Leaders of a drug and alcohol rehabilitation centre say they will be able to help more addicts turn their lives around after getting the blessing of Hartlepool council.
The Reach Out Recovery centre is expanding its former church base in Whitby Street in response to increasing demands from people addicted to drugs and booze.
Despite objections from some neighbouring properties over the building’s use, councillors yesterday approved a change of use from a church to rehabilitation centre and alterations to allow it to take in more people.
Reverend Colin Sawtell of the Living Waters church said: “It means we can take more people in and help more people by taking them out of the situation they are in.
“It is fantastic.”
Rev Sawtell said the application, which was retrospective, developed due to the amount of homeless people coming to them who also had drug and alcohol problems.
Alterations are taking place inside the grade two listed building to create more bedrooms and additional facilities such as bathrooms, shower room and communal areas.
Occupiers of some properties in Whitby Street and Scarborough Street objected on grounds including it would put off businesses and customers from coming to the area which is the focus of a council led regeneration project, and safety fears for female workers.
Police said there had been no incidents of significant concern in a check of the last year.
Rev Sawtell added: “We have been here for seven years but nobody knew what we were doing until we put in for a change of use.
“There has been no incidents.” He said residents have to agree to quit alcohol and drugs to be able to stay and are put on an 18-month rehab programme and registered with a GP.

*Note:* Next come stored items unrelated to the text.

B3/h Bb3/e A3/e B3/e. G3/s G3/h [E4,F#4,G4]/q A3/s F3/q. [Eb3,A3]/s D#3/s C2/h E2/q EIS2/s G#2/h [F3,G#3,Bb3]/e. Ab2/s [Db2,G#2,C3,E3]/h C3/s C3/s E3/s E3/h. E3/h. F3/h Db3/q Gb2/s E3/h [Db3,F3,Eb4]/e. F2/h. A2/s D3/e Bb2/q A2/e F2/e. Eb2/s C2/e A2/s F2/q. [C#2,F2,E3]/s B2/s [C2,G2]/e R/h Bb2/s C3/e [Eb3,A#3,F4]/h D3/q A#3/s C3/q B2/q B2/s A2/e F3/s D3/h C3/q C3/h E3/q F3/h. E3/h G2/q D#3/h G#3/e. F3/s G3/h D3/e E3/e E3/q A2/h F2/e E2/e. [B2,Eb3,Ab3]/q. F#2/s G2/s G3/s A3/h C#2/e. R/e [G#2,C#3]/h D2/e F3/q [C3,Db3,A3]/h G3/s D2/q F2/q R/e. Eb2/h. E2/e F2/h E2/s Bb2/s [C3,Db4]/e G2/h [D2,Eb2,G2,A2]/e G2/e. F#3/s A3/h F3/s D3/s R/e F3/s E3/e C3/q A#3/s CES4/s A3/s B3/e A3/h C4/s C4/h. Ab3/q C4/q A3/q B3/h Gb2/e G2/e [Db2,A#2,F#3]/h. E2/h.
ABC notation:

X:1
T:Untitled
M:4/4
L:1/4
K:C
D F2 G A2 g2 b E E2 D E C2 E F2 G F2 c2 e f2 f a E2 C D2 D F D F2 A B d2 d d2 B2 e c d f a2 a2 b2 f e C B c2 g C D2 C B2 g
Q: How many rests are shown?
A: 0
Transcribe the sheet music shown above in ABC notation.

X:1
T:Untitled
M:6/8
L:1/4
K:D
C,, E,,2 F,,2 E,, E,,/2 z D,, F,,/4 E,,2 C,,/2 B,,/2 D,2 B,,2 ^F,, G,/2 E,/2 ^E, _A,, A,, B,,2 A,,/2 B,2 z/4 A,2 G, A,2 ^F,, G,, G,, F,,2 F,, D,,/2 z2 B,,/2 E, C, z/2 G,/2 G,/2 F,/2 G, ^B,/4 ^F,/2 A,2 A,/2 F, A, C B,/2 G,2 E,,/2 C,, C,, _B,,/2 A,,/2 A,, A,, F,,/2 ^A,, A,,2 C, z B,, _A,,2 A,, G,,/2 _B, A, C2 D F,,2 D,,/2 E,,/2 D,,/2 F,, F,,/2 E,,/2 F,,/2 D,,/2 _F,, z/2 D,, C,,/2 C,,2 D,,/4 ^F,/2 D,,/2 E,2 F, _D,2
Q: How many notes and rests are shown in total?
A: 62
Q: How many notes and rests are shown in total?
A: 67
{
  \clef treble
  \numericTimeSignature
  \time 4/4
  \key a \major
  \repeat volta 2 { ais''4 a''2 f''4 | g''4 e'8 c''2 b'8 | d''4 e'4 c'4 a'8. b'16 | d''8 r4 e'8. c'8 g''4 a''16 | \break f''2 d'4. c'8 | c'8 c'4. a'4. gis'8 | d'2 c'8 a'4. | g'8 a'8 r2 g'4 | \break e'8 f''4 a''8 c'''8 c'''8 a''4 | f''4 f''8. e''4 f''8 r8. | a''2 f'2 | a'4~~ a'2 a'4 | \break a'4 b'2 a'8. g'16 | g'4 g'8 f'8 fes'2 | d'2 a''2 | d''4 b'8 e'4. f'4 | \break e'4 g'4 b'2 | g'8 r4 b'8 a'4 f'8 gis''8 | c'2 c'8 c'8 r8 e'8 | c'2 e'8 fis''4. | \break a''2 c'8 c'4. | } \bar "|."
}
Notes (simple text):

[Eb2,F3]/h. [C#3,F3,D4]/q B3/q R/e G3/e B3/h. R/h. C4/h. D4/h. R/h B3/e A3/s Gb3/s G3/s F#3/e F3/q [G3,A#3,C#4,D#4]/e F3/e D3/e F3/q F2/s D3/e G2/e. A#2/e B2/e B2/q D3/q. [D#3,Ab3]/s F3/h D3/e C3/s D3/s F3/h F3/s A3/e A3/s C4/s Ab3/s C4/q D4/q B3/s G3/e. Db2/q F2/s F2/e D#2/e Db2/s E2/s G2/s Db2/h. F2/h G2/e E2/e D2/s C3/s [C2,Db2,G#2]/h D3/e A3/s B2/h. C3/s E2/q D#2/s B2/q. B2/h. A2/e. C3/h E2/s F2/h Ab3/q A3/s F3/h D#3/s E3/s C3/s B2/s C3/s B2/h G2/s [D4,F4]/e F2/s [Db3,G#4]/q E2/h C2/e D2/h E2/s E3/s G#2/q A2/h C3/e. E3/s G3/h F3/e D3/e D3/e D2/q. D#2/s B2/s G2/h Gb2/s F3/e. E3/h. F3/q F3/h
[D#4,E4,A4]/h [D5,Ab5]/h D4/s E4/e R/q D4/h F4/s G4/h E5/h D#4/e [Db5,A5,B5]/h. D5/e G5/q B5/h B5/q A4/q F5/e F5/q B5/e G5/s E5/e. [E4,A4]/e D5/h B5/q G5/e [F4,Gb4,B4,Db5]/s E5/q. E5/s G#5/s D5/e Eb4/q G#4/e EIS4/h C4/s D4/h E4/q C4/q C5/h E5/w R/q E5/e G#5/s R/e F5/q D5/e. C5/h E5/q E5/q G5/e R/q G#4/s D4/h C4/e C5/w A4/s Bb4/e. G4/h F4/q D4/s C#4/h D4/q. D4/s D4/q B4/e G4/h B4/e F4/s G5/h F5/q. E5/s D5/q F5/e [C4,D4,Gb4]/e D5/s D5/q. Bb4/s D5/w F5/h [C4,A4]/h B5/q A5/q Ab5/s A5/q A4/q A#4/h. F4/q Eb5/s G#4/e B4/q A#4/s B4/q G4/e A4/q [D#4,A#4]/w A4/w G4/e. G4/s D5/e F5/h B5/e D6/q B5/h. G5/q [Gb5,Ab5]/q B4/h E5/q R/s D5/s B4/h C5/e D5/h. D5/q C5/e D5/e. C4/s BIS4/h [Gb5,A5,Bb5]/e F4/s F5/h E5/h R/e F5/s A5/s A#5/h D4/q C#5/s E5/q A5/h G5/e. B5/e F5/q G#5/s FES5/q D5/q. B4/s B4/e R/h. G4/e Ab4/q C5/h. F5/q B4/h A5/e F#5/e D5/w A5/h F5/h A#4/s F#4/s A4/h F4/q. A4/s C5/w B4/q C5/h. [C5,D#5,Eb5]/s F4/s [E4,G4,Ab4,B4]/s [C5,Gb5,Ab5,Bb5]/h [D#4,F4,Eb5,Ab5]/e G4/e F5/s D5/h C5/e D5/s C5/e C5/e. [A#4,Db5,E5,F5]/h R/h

Rev Sawtell added: “All our staff are above qualified I would say. We have helped save hundreds of thousands of pounds from people not ending up in court or getting in trouble with police. We have had great success.
“There’s a lot of education goes on here. We teach life skills so they can go back and function in society.”
One former addict from Hartlepool, who did not wish to be named, said the rehabilitation he received at the centre had spared him from being sent to prison.